The spectrum and natural history of nerve sheath tumors is discussed in Chapter 29. Essentially, the nerve is slowly compressed as tumor cells grow within and around its coverings. The remaining facial nerve fibers will eventually become atrophic due to chronic compression or will cease to function because they have been replaced by tumor. It is possible that the tumor growth within the facial canal injures the nerve due to its mass effect, which produces a complicating ischemic neuropathy from the labyrinthine segment distally since the labyrinthine segment is the tightest part of the facial canal. By this process, a usually slow progressive facial nerve deficit might become transiently more rapidly progressive or sudden in onset.

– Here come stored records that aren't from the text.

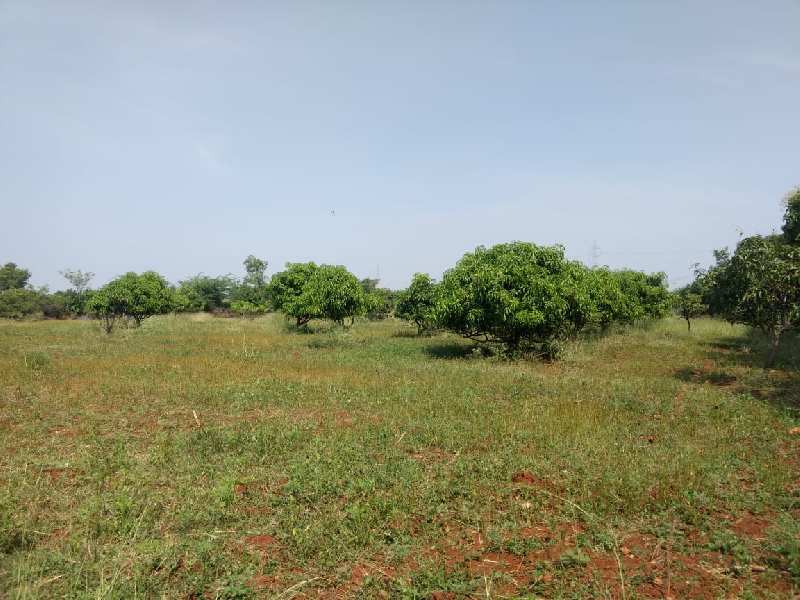 30 Acres plantation, drip irrigated, cultivated red soil agriculture land sale in Hiriyur near Hiriyur town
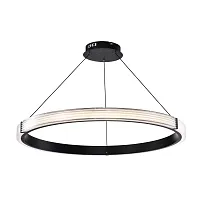 Светильник подвесной LED Rotonda 736287 Lightstar прозрачный 1 лампа, основание чёрное в стиле модерн кольца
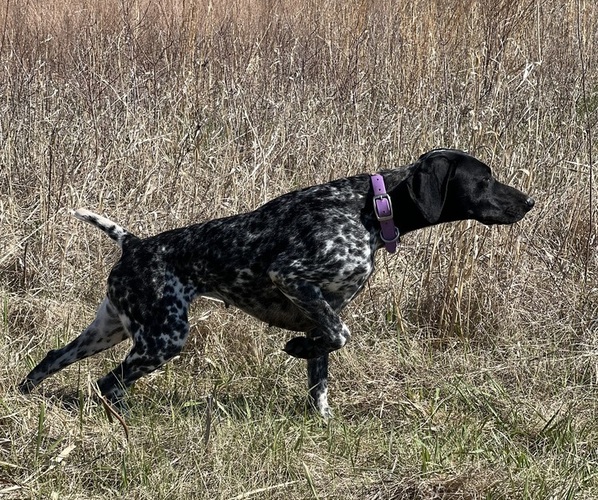 Medium Photo #1 German Shorthaired Pointer Puppy For Sale in LINCOLN, NE, USA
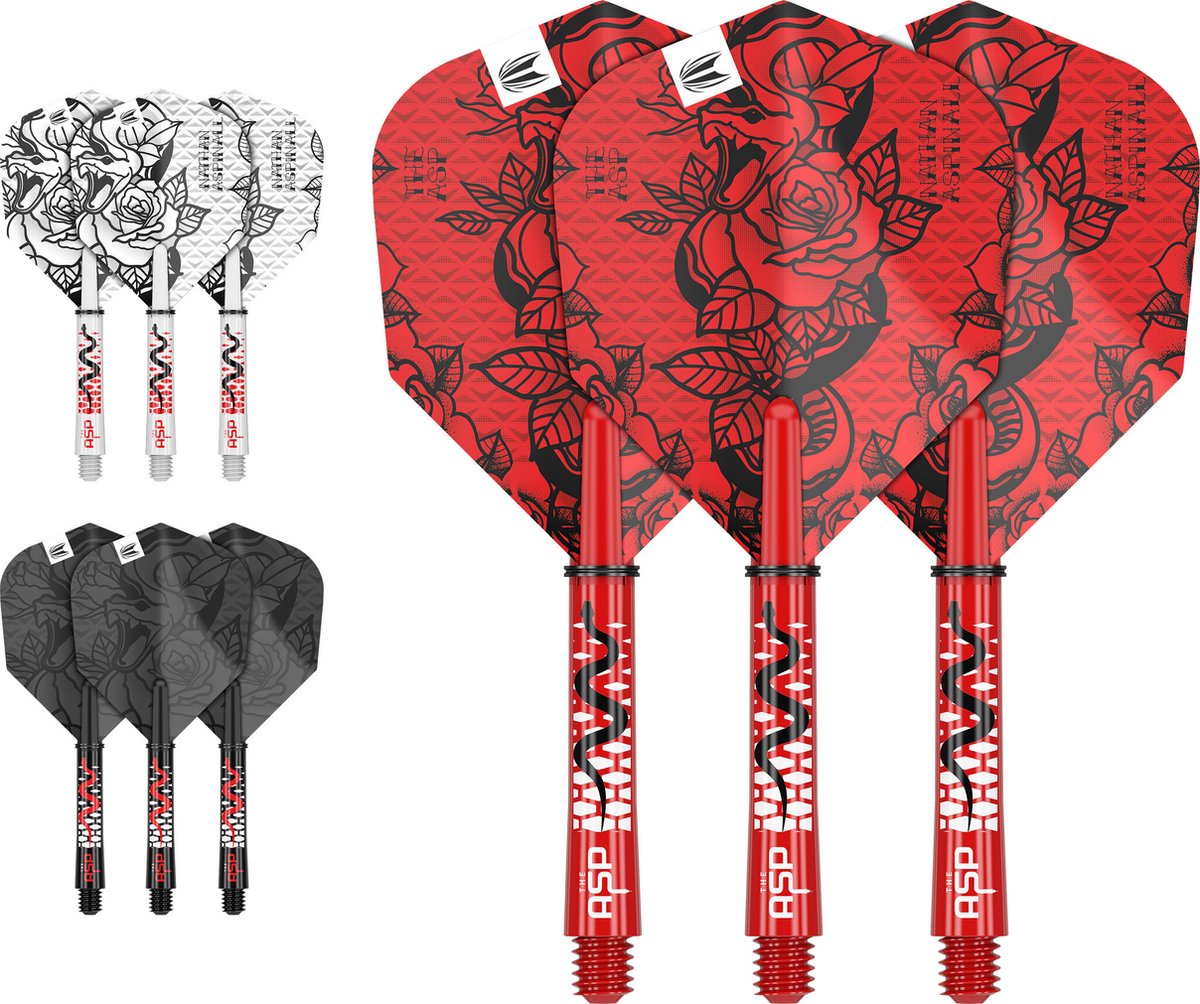 Target Nathan Aspinall Ink Flight Shaft Kit - Dart Flights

The muscles of facial expression comprising the bulk of the superficial musculoaponeurotic system (SMAS) will go through the process of denervation atrophy. The muscles may enhance acutely and subacutely and then decrease in bulk and become fat replaced.

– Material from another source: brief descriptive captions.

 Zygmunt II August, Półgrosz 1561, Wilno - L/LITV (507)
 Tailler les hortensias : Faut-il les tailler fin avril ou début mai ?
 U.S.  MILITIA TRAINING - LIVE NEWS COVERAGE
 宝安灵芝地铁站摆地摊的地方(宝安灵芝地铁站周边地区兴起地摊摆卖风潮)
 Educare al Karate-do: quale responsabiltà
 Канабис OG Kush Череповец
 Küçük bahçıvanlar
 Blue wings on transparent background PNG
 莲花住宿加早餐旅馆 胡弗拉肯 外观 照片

Manifestations and Findings
The CT and MR appearance of nerve sheath tumors is described in detail in Chapter 29.
CT may be normal if there is not underlying facial canal remodeling or erosion or if the causative pathology involves the segment of the nerve in the IAC. CT can potentially demonstrate structural pathology along the IAC nerve segment. It cannot exclude canalicular and sometimes cisternal segment involvement (Figs. 29.13 and 130.1).

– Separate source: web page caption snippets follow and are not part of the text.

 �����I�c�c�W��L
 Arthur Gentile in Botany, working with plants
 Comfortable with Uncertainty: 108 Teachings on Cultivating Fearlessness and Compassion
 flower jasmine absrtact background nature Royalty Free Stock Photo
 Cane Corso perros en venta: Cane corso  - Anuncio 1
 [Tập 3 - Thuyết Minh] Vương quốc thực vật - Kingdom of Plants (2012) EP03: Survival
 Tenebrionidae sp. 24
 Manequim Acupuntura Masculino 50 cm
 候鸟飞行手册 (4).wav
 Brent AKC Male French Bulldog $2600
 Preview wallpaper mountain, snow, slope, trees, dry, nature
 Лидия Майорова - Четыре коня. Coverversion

MRI will usually be abnormal. It may only show minimal enlargement and increased enhancement of the affected facial nerve anywhere along its course (Figs. 29.1 and 130.2). MRI may also be normal, in which case CT should be done and/or the MRI repeated at a reasonable interval.
Both studies can be used to exclude structural lesions affecting the facial nerve more distally. Spread or origin of the tumor from the stylomastoid foramen distally within and especially beyond the parotid gland may be subtle if contrast is not given.
From Clinical Data
The patient will suffer a partial or complete peripheral (all of the muscles on one side of the face) facial nerve palsy. If acute and there are no other signs or symptoms, then this is likely a viral neuritis and can be properly referred to as a likely Bell palsy.
Bell palsy must never be confused with a peripheral facial nerve palsy of slow, progressive, or “stuttering” onset. If there are other signs of central nervous system disease (such as other cranial neuropathies), then the potential differential diagnosis is relatively large and includes demyelinating disease; Lyme disease; various causes of meningeal infection; and a variety of neoplastic conditions that might involve the temporal bone, skull base, facial nerve itself, meninges, and brain. Also, recurrent or persistent peripheral facial nerve palsy should never be considered a Bell palsy until it is proven not to be due to a structural lesion of the facial nerve. Conditions with these types of clinical characteristics atypicalfor Bell palsy will very often be the result of benign or malignant neoplasms or a handful of other causes that may occur anywhere along the nerve from its nucleus to its peripheral distribution, including a nerve sheath tumor.